Common pitfalls (seen in the wild)

  • Duplicate rows after joins — you joined a one-to-many without aggregating the many side. Fix with GROUP BY before the join, or dedupe with ROW_NUMBER().
  • Implicit type castsWHERE id = '123' may bypass indexes or cause scans. Match types.
  • Null logic mistakes — remember NULL propagates; wrap with COALESCE.
  • COUNT(*) on massive tables — prefer metadata tables or approximations in warehouses.
  • CTEs that materialize — some engines (not all) materialize each CTE; in others they inline. Profile and refactor to subqueries if needed.

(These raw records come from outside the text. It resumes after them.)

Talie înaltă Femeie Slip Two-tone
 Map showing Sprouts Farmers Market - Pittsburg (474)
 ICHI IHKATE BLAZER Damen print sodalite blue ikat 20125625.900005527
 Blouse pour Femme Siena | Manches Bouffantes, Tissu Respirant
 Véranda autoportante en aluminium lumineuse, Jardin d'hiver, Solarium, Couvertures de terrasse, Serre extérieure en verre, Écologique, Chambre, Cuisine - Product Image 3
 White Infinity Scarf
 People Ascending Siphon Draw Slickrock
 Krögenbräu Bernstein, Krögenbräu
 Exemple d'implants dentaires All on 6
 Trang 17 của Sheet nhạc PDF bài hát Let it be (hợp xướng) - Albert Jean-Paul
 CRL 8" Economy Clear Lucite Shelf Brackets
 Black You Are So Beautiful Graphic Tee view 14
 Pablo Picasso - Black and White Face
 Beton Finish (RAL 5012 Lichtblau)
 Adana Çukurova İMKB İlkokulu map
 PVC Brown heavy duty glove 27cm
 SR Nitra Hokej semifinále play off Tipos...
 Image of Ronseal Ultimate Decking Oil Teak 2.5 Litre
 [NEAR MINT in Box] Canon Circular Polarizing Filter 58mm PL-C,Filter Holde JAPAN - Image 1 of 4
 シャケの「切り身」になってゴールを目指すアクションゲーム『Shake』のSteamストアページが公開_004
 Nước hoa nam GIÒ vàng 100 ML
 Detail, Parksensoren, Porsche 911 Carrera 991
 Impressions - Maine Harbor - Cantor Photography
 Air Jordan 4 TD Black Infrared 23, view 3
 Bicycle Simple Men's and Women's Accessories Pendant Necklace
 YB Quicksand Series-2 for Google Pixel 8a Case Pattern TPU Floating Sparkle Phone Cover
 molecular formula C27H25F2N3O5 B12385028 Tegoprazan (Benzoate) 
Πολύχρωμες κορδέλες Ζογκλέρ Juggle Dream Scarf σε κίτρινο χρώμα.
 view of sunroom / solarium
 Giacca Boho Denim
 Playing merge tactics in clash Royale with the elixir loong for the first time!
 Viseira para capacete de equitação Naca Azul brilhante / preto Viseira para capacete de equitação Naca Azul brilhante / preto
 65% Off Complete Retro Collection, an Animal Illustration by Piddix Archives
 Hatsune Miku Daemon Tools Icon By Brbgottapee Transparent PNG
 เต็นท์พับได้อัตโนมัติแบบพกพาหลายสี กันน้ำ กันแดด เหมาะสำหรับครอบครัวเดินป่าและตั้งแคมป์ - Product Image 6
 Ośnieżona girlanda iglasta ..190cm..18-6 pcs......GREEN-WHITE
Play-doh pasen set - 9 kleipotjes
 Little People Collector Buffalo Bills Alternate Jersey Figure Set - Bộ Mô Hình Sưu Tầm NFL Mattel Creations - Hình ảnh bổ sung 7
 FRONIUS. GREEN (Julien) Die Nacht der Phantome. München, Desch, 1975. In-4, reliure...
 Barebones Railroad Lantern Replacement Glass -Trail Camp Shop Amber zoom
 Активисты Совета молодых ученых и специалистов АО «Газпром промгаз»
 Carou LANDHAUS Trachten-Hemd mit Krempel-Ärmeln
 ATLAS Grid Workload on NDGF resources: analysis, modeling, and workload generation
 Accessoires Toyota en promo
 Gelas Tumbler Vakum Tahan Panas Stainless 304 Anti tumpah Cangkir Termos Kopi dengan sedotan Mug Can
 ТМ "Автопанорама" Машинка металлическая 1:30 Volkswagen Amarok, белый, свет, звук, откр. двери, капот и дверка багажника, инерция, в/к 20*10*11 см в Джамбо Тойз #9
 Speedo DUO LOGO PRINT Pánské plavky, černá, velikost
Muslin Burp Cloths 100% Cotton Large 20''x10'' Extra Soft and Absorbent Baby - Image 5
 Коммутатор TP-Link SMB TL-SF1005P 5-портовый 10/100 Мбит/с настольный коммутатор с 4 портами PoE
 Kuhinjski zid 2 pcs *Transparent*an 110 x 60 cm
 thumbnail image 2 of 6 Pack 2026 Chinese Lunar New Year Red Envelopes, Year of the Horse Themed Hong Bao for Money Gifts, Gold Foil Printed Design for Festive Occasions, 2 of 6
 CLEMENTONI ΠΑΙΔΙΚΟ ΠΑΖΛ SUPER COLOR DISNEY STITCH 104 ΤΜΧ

Choosing the right engine (cheat sheet)

EngineBest ForAvoid WhenNotes
SnowflakeELT, shared data, mixed workloadsUltra-low latency streamingClustering keys help very large tables; Snowpark for UDFs
BigQueryHuge scans, serverless, GCP-nativeHigh-frequency small updatesPartition & cluster; beware per-query costs
RedshiftAWS-aligned MPPBursty workloads without RA3 or autoscalingTune sort/dist keys
PostgresApp data, small/medium analyticsPetabyte-scale scansExtensions are gold (PostGIS, Timescale)
MySQL/MariaDBApp OLTPComplex analyticsGreat for reads with replicas
SQL ServerEnterprise OLTP+BICloud-agnostic needsT-SQL is powerful; SSIS/SSRS ecosystem
OracleEnterprise OLTPCost sensitivityVery mature optimizer
Databricks/Spark SQLLakehouse, streaming + batchLow-latency OLTPDelta Lake + medallion works well
Trino/PrestoFederated analyticsHeavy DMLGreat for interactive BI over many sources
DuckDBLocal analytics, CI testsMulti-user concurrencyPerfect for notebook exploration
SQLiteLocal apps, prototypingMulti-writer workloadsZero-ops, single file

Best practices that pay off immediately

  • Model in layers: staging → cleaned → marts (a.k.a. bronze/silver/gold).
  • Version your models: use dbt or SQL files in Git; code review SQL like Python.
  • Document contracts: column types, nullability, allowed values; enforce with constraints where possible.
  • Test with data: not just unit tests—use row-count checks, not-null checks, referential integrity tests.
  • Keep business logic in views/models: not sprinkled across apps and dashboards.
  • Profile queries: learn your engine’s EXPLAIN and query profile UI.

Wrap-up

SQL is the lingua franca of data engineering because it’s declarative, portable, and runs at the source of truth. Master a warehouse dialect (Snowflake or BigQuery), stay fluent in Postgres, and know your way around lakehouse SQL (Databricks/Spark SQL or Trino). With that, you can build reliable pipelines, faster.